Initialize the PII anonymization callback.
Args:
anonymize_text: Whether to anonymize text content
anonymize_images: Whether to redact images
entities_to_anonymize: List of entity types to anonymize (None for all)
anonymization_operator: Presidio operator to use ("replace", "mask", "redact", etc.)
image_redaction_color: RGB color for image redaction
"""
if not PRESIDIO_AVAILABLE:
raise ImportError(
"Presidio is not available. Install with: "
"pip install presidio-analyzer presidio-anonymizer presidio-image-redactor"
)
self.anonymize_text = anonymize_text
self.anonymize_images = anonymize_images
self.entities_to_anonymize = entities_to_anonymize
self.anonymization_operator = anonymization_operator
self.image_redaction_color = image_redaction_color
# Initialize Presidio engines
self.analyzer = AnalyzerEngine()
self.anonymizer = AnonymizerEngine()
self.deanonymizer = DeanonymizeEngine()
self.image_redactor = ImageRedactorEngine()

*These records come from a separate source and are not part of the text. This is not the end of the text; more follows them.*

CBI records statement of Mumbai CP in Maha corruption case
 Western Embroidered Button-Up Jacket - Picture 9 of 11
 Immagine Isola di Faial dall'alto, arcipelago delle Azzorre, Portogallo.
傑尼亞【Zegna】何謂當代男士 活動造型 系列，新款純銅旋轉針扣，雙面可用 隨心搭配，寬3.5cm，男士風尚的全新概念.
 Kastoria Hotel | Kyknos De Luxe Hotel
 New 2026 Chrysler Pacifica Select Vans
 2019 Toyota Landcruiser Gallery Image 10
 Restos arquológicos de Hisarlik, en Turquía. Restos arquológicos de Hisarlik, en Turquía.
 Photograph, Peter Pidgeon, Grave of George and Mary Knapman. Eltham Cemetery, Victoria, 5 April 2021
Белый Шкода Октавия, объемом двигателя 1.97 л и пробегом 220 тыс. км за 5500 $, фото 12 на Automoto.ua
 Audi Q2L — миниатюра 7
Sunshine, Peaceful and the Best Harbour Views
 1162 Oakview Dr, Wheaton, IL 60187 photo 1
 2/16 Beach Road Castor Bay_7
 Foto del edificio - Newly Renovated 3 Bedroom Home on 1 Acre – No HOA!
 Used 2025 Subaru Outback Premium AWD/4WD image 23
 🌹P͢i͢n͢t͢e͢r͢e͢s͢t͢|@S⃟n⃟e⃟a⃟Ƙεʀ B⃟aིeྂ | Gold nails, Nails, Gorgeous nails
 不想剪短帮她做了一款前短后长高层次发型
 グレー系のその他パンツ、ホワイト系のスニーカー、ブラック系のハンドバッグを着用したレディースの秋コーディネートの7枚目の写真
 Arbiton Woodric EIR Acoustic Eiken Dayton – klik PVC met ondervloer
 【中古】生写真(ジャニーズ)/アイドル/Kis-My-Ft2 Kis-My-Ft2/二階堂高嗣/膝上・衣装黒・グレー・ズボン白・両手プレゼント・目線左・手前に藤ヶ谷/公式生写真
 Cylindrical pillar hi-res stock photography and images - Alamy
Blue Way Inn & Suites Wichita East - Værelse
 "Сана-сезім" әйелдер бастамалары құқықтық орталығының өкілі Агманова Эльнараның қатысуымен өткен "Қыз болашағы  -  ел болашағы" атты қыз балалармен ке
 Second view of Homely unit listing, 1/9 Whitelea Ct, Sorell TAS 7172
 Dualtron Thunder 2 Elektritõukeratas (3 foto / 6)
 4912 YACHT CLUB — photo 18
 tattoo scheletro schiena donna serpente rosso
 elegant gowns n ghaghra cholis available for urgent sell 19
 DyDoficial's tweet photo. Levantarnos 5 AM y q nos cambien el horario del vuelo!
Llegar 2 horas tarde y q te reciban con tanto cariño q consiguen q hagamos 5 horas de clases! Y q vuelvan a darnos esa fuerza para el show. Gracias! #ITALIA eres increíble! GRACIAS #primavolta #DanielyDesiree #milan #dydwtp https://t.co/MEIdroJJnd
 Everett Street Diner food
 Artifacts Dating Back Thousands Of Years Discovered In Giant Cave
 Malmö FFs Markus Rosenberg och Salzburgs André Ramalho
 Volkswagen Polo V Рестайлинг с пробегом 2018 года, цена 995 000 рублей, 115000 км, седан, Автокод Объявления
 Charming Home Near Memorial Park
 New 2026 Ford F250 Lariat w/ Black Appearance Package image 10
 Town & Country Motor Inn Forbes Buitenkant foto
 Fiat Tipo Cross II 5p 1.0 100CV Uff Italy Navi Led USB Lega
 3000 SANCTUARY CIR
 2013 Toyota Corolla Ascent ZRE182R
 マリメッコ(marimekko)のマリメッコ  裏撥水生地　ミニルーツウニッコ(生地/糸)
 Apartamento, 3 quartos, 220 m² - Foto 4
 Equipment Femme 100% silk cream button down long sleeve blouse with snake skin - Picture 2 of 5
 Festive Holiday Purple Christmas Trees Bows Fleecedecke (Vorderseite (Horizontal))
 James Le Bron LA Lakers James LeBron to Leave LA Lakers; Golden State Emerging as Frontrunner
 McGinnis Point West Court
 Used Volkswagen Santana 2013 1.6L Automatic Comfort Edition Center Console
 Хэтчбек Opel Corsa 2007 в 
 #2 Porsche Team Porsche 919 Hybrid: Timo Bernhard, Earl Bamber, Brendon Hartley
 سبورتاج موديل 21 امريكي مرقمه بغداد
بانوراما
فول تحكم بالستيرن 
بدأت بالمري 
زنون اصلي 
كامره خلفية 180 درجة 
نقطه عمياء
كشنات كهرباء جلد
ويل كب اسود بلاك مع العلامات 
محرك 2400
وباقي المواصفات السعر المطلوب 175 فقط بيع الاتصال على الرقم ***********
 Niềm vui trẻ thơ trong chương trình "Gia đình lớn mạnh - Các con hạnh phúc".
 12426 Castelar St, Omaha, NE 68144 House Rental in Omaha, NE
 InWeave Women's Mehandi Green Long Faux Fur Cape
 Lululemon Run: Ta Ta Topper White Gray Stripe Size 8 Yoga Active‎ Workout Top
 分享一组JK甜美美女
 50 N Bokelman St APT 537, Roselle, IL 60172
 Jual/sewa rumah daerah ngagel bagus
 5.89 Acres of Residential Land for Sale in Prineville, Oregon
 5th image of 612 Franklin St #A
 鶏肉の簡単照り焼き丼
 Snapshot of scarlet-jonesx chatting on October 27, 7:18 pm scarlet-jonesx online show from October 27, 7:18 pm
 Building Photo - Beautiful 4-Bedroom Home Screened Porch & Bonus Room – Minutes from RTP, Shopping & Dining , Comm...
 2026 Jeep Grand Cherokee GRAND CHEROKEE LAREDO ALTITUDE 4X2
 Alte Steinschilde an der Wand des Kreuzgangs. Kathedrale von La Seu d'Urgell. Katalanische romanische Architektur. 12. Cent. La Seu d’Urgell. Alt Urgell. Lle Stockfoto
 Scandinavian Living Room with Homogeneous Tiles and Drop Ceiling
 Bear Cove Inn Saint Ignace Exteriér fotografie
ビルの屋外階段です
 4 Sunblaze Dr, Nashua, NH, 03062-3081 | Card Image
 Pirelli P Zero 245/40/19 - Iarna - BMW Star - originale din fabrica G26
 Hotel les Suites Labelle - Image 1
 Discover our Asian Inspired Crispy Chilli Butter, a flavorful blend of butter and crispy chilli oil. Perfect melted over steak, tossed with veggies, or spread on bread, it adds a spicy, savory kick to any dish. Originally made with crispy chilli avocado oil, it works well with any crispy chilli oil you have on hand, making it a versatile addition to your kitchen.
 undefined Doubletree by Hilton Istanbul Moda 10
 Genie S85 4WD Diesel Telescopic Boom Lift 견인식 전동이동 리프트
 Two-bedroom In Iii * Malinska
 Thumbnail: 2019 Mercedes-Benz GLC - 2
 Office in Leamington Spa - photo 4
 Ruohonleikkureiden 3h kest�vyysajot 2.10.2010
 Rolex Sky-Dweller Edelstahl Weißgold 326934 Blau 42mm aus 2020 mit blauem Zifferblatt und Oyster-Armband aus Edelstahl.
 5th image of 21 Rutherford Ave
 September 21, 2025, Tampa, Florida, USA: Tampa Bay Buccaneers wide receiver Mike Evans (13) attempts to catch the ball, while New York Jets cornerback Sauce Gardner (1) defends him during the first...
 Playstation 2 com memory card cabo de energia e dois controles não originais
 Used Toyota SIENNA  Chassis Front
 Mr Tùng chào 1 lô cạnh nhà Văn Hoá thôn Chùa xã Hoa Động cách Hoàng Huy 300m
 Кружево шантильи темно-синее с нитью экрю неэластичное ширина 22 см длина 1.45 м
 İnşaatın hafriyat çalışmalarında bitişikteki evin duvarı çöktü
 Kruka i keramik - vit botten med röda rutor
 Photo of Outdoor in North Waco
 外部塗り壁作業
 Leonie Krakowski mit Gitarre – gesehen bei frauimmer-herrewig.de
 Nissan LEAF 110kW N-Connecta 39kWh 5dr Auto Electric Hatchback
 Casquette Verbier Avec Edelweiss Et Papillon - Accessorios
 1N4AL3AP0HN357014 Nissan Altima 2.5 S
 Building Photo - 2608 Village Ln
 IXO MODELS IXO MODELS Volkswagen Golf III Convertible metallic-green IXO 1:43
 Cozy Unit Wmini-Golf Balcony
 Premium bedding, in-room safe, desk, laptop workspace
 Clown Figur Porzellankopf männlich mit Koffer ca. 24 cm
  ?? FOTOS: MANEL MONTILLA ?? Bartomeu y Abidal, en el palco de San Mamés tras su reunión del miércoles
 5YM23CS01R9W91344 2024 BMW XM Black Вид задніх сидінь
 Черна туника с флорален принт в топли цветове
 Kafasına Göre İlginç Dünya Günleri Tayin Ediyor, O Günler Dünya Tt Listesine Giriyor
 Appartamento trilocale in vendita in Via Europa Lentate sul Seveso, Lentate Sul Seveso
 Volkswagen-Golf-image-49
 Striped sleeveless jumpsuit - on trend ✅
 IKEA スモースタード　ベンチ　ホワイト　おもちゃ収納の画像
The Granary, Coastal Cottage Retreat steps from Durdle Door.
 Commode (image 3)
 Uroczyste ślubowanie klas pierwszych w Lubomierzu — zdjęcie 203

# Store anonymization mappings for deanonymization
self.anonymization_mappings: Dict[str, Any] = {}
async def on_llm_start(self, messages: List[Dict[str, Any]]) -> List[Dict[str, Any]]:
"""
Anonymize PII in messages before sending to agent loop.
Args:
messages: List of message dictionaries
Returns:
List of messages with PII anonymized
"""
if not self.anonymize_text and not self.anonymize_images:
return messages
anonymized_messages = []
for msg in messages:
anonymized_msg = await self._anonymize_message(msg)
anonymized_messages.append(anonymized_msg)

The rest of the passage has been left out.